Brendon Thorne/Getty Images News/Getty Images

Rivers has proved time and again she's got something of a free pass; her hurtful humor, like some more famous fat jokes about Adele, have brought out a few reactionary blog posts, but for the most part, she's still free to pop on TV with another basket full of insults. Being mean is her thing and we tend to just let her do it.

What's a bit more interesting is the way in which Rivers' comments about Lawrence bounce off the actress and back onto Rivers, who also told the Post Lawrence is "the next Meryl Streep." It's not that Lawrence is completely untouchable. Sure, the media loves to praise her for every little thing she does, but if she did something deplorable, it wouldn't go unnoticed. The issue is that unlike Rivers' other victims (Rihanna, Adele, and Justin Bieber, to name very, very few), who did nothing other than live their celebrity lives before getting the Joan Smackdown, Lawrence actually spoke about Rivers' insult practices and picked them out as something that's fostering body image issues in the U.S. Lawrence spoke up as a means of affecting change, rather than going with the hurtful flow. It makes more sense that Rivers would react, but it shook up business as usual — celebs completely ignoring what she says about them — and created an actual conversation about the old comedy standby.

So while Rivers has an arsenal of choir boy retorts at the ready — hell, that's why we know the name "Joan Rivers" in the first place — Lawrence was speaking frankly and touching on a rather important concept in contemporary media.

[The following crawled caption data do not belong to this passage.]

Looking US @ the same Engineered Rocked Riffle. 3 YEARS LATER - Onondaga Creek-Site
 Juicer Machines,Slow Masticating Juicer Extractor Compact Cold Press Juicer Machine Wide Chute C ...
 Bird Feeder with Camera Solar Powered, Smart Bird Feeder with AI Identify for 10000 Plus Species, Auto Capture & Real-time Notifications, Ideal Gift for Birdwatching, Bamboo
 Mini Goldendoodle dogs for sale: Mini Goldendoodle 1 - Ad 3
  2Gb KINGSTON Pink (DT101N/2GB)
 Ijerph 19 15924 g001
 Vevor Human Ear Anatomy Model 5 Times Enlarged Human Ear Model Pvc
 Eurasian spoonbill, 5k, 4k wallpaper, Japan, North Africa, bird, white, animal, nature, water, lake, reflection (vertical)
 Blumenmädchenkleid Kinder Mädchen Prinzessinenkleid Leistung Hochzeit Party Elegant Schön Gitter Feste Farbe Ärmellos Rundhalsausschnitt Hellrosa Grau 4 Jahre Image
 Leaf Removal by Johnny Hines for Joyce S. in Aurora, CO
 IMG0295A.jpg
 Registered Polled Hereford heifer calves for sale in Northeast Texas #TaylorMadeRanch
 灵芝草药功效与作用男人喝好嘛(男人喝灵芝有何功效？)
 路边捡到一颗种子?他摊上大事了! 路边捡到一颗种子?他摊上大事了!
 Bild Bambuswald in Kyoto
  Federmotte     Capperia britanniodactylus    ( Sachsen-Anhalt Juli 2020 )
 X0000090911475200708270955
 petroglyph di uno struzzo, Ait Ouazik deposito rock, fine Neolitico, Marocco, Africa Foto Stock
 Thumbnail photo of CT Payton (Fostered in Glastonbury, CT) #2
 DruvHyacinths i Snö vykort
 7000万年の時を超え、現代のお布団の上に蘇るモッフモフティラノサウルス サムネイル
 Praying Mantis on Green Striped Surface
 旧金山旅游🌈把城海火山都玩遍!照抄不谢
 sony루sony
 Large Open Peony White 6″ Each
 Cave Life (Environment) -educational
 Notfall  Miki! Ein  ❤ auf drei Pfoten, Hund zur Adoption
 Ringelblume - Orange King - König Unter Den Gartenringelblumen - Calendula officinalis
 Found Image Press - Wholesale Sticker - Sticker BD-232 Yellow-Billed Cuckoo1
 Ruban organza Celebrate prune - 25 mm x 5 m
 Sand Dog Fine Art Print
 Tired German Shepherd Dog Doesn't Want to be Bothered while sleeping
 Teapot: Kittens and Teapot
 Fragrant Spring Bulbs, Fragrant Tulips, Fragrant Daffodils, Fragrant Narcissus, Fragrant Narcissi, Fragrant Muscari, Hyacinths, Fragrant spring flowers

It was refreshing that she didn't pull any punches when it came time to point fingers. Plus, Lawrence isn't simply standing on a soap box: she suffered from body image issues as a child struggling to become an actress. In October, Lawrence spoke out about the way in which body critiques from her childhood still hurt her to this day:

It was just the kind of shit that actresses have to go through. Somebody told me I was fat, that I was going to get fired if I didn’t lose a certain amount of weight. They brought in pictures of me where I was basically naked, and told me to use them as motivation for my diet.

And yes, publications and marketing folks have Photoshopped her and she knows it, but she's also the first to come out and say how unrealistic those images are and that no one actually looks like that in real life.

It's one thing to be the queen of mean, crude jokes and own it, which Rivers generally does effortlessly, but to keep up the back and forth, once Lawrence — one of the most influential voices in the world at the moment — has made it very clear that fat-shaming is not only a personal issue, but a very important issue for women everywhere, is beyond petty. Rivers has enjoyed executing plenty of punchlines in her ridiculously long career, does she need one more so badly that she's willing to tear down a woman who's doing something good for her fellow women? There's nothing comedic about that.